Dass der Bogenweg verschwand, hat wie erwähnt mit der Bedeutungszunahme der Albisstrasse als Hauptverkehrsader mit neuer städtischer Bebauung zu tun. Schon auf dem Stadtplan von 1913 erkennen wir, dass das einzige Wohnhaus, das klar am Bogenweg lag, von der Albisstrasse her nummieriert wurde: Albisstrasse 66. Das Haus daneben, das auf dem Foto oben nur noch angeschnitten erscheint, trägt nicht mal eine eigene Nummer. Und der Bogen, der dem Bogenweg den Namen gab und der zurück in die Albisstrasse führt, wurde Ende des 19. Jahrhunderts der Rainstrasse zugeschlagen mit den Nummern 1 (heutige Butzenstrasse 1) sowie 3 und 5 – beide schon früh für die apostolische Kirche an der Butzenstrasse abgebrochen (die unterdessen auch schon wieder Geschichte ist). Erst in den 1980er Jahren wurden die beiden Häuser Albisstrasse 76 und 78 entfernt, die ihre Schrägheit auch dem Bogenweg verdankten. An ihre Stelle traten die beiden weisslichen Neubauten Albisstrasse 80 und 82 auf Höhe der Tramstation Butzenstrasse. – In diesem Bereich stand ja auch der erste katholische Schopf Wollishofens, jenes Waschhüsli, auf das Hans Bosshard im seinem Blogbeitrag hingewiesen hat.


Noch eine Vermisstmeldung


Einen schönen Überblick auf diese verwickelte Geschichte gibt ein seltenes Foto, das ich leider nur in einer (schlechten) Kopie besitze (das Original der schlechten Kopie – auch nur eine alte Fotokopie – wird im Ortsmuseum gehütet).

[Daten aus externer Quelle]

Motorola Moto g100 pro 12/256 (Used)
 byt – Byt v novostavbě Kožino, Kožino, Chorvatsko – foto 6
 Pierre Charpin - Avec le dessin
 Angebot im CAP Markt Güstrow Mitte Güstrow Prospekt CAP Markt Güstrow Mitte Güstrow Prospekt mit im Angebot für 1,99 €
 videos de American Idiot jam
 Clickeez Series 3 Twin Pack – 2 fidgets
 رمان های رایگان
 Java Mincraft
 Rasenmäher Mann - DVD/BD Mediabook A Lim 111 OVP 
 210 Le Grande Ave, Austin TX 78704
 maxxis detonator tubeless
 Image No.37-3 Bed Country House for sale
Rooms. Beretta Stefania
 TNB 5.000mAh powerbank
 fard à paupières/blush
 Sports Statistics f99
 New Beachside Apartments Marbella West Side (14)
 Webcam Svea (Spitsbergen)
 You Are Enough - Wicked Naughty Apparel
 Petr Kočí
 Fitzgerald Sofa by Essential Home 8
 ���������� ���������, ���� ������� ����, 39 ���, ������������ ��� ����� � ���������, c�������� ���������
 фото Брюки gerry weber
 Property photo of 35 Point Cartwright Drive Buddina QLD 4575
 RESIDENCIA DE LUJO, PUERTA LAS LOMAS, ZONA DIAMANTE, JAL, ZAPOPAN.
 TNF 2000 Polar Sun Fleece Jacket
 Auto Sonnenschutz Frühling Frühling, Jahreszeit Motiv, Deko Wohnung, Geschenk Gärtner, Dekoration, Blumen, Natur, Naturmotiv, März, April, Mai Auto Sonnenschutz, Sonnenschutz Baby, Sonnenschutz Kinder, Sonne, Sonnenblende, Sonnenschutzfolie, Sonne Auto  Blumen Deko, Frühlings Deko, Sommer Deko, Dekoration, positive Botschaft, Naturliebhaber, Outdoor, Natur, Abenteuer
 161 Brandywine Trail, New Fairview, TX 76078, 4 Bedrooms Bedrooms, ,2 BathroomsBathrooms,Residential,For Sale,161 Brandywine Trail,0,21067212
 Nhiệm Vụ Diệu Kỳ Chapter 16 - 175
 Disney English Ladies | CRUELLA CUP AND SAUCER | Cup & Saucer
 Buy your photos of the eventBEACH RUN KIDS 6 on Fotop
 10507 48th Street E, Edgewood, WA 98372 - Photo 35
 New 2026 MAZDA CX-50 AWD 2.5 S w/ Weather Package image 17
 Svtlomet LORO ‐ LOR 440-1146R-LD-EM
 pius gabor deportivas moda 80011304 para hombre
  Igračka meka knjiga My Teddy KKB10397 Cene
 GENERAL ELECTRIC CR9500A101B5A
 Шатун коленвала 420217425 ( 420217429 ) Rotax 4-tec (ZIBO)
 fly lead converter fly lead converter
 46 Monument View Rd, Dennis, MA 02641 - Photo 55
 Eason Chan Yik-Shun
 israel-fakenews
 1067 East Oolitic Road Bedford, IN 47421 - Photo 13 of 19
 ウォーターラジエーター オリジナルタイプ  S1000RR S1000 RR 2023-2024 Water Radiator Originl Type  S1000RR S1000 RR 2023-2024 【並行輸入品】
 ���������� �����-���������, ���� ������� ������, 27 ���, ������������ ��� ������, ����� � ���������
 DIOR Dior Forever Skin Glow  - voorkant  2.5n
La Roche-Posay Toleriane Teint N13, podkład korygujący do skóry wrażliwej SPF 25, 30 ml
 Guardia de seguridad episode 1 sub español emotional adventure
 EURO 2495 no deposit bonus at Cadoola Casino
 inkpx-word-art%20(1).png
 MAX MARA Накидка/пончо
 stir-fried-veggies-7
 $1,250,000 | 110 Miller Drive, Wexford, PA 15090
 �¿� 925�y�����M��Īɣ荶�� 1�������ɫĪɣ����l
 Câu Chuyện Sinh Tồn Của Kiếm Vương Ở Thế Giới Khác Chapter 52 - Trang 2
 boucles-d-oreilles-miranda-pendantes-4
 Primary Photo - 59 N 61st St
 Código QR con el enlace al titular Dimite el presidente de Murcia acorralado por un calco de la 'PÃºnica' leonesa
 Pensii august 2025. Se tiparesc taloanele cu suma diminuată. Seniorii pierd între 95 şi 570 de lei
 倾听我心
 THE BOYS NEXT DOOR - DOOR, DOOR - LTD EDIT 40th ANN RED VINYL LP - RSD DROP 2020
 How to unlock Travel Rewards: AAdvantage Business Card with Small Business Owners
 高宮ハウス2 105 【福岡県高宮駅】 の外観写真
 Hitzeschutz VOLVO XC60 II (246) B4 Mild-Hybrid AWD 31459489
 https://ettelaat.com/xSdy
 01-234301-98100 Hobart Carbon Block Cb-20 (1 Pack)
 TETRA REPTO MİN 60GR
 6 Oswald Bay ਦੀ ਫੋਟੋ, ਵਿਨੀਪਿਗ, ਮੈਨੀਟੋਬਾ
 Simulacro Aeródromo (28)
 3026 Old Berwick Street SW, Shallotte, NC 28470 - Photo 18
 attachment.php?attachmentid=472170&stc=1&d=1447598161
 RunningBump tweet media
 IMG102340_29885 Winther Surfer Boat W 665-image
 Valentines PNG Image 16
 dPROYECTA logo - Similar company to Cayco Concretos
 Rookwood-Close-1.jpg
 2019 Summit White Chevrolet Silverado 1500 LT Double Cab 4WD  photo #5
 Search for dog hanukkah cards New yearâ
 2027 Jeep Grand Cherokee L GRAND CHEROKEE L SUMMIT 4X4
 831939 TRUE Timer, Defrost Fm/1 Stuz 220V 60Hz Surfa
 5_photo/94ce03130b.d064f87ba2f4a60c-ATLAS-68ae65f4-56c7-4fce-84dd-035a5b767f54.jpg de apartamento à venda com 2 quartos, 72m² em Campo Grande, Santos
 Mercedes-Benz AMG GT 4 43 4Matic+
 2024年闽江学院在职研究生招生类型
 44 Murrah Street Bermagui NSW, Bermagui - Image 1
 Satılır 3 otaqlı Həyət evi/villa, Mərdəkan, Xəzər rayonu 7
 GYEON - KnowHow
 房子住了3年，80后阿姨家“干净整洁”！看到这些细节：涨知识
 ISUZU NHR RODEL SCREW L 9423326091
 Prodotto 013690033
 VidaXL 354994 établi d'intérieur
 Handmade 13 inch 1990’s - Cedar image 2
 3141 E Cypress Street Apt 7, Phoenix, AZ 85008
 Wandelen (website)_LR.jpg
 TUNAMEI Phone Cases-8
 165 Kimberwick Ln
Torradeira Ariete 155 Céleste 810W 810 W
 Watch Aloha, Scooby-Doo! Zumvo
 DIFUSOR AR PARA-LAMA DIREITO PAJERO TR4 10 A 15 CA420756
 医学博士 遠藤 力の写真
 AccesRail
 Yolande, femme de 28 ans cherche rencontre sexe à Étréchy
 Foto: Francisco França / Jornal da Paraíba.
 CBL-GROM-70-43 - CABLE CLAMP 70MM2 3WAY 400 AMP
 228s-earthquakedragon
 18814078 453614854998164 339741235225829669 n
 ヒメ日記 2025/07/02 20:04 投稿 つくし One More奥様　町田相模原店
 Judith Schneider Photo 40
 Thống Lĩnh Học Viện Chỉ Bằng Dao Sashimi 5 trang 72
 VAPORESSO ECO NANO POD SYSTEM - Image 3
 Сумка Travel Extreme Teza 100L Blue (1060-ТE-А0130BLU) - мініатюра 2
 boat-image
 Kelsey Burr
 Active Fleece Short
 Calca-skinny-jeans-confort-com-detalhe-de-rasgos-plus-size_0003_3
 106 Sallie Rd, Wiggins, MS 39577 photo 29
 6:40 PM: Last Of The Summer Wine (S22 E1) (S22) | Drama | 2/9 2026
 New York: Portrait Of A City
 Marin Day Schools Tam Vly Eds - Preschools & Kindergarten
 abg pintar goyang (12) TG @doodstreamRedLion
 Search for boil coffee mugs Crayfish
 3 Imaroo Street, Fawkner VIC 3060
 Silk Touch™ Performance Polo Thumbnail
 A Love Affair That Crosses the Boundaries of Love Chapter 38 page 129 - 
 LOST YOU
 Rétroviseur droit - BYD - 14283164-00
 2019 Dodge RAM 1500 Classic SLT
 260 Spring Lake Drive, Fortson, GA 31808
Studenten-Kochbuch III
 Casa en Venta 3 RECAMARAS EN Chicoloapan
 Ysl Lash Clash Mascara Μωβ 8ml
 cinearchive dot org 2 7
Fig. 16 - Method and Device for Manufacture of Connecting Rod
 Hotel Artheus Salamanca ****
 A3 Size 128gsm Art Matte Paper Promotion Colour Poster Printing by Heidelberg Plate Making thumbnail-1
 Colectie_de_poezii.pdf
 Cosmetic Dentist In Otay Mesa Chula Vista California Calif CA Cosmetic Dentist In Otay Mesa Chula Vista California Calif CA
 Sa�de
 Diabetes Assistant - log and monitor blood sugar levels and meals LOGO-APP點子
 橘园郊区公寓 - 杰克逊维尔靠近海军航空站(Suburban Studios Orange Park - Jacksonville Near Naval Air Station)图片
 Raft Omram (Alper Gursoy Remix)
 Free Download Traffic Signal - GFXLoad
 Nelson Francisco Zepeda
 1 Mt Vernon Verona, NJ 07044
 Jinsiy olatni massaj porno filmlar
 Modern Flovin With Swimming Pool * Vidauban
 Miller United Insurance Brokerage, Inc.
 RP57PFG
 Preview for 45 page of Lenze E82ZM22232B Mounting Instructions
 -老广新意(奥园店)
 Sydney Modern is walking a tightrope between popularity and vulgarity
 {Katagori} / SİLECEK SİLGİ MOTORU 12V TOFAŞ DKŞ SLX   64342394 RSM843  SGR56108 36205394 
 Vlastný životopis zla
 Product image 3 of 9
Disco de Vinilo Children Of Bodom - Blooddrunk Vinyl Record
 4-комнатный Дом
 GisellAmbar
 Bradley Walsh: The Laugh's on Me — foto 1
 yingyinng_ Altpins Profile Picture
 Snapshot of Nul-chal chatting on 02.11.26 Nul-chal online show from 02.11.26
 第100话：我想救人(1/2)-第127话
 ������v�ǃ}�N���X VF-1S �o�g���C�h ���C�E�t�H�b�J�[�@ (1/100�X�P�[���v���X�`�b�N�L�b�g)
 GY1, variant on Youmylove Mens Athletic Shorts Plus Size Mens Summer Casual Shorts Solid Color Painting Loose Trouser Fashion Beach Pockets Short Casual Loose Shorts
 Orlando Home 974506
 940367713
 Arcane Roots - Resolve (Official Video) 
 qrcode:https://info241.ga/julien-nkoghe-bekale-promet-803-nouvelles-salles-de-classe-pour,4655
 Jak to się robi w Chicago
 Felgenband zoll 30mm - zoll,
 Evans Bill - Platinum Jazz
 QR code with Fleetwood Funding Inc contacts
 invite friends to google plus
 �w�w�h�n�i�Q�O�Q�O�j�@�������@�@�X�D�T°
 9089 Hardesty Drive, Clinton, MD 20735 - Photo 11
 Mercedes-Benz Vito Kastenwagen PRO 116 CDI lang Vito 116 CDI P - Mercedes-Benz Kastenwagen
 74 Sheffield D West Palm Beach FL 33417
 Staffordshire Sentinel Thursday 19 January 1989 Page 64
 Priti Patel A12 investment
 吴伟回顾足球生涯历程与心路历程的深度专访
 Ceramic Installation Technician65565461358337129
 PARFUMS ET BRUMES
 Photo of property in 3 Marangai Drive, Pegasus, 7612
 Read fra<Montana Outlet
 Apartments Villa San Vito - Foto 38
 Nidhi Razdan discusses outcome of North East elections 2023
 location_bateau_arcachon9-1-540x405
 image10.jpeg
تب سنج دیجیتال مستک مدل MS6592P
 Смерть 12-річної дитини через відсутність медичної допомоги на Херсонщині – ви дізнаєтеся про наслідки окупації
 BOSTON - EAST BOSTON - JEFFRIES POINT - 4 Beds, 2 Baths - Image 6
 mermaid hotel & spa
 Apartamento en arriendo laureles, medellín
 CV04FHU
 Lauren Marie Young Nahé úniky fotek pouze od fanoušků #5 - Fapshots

Blick auf das Gebiet Rain-/Butzen-/Albisstrasse: Eine seltene Aufnahme.

Kopie im Ortsmuseum.


Im Zentrum der Fotografie erkennen wir das Haus Butzenstrasse 1, ein Baumeisterhaus, das heute noch steht. Es steht schräg vis-à-vis vom Lavaterhaus, das wir vom Blogbeitrag HOCHHAUS kennen. Zwischen der Butzenstrasse 1 und den beiden schräg stehenden Häuser Albisstrasse 76 und 78 können wir die Einmündung des alten Bogenweges in die Albisstrasse erahnen. Im Vordergrund der Fotografie sehen wir den Anfang der Rainstrasse (Rainstrasse 5, die heute noch steht) sowie die Überbauung Meisenweg/Butzenstrasse. Natürlich erkennen wir auch weitere noch stehende und auch weitere verschwundene Häuser in diesem Geviert.


Eine ganz spezielle Liegenschaft erstaunt Betrachtende des Bildes aber besonders: Links von der Butzenstrasse 1 ist ein mächtiges Mehrfamilienhaus mit hohem «französischem» Dach zu sehen. Dieses Haus, einst Albisstrasse 76, wurde in den frühen 1960er Jahren ersatzlos abgerissen; heute befindet sich im Spickel zwischen Albis- und Butzenstrasse ein kleines unscheinbares Pärkli. Von diesem Haus existieren nur wenige Abbildungen. Die beste im Baugeschichtlichen Archiv: links Butzenstrasse 1, rechts Albisstrasse 76. Man beachte auch den Brunnen, der zu den alten Häuschen am Bogenweg gehörte...


Blick über die Albisstrasse: Butzenstrasse 1, Albisstrasse 76. 1961.

Baugeschichtliches Archiv Zürich.


Und noch ein Foto vom alten, «schrägen» Haus an der Albisstrasse (Nummer 78), erbaut vor 1800, abgerissen 1993!!!

Albisstrasse 78 (heute 80), mit Brunnen und Einmündung Bogenweg. Sammlung MZ.